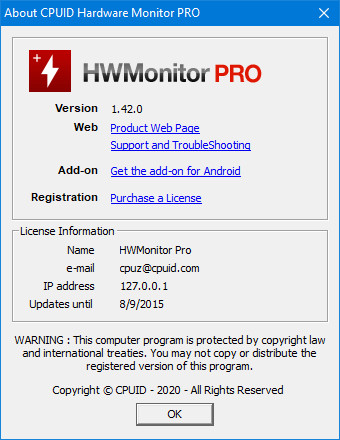 CPUID HWMonitor Pro 1.42 + Portable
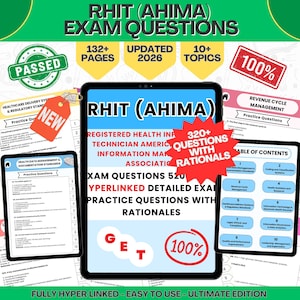 Förberedande frågor inför RHIT (AHIMA)-examen 2026, 520+ frågor och svar (digital nedladdning)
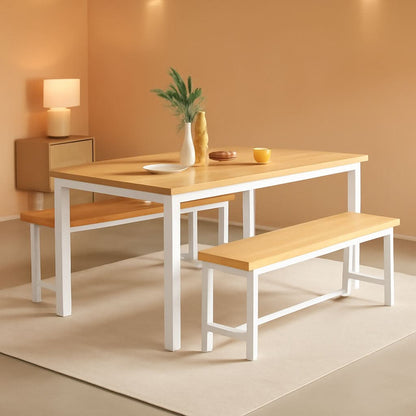 Counter Height Dining Table Set Gold White Benches
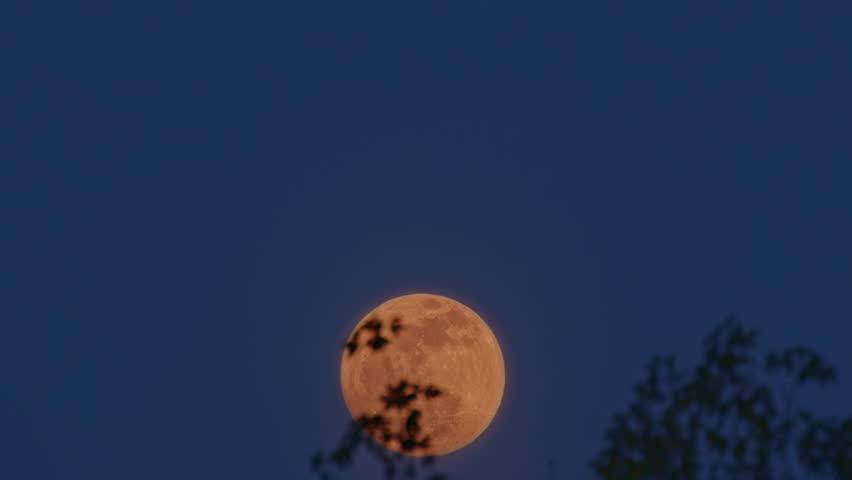 a blood moon glowing in deep orange hues, partially veiled by wisps of dark clouds. This atmospheric celestial scene captures the mysterious and dramatic beauty of the lunar surface.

:: AIM OF THE TASK ::
All of the data should be returned word for word, with each picture left out.

:: ANSWER BELOW ::
 CPUID HWMonitor Pro 1.42 + Portable
 Förberedande frågor inför RHIT (AHIMA)-examen 2026, 520+ frågor och svar (digital nedladdning)
 Counter Height Dining Table Set Gold White Benches
 a blood moon glowing in deep orange hues, partially veiled by wisps of dark clouds. This atmospheric celestial scene captures the mysterious and dramatic beauty of the lunar surface.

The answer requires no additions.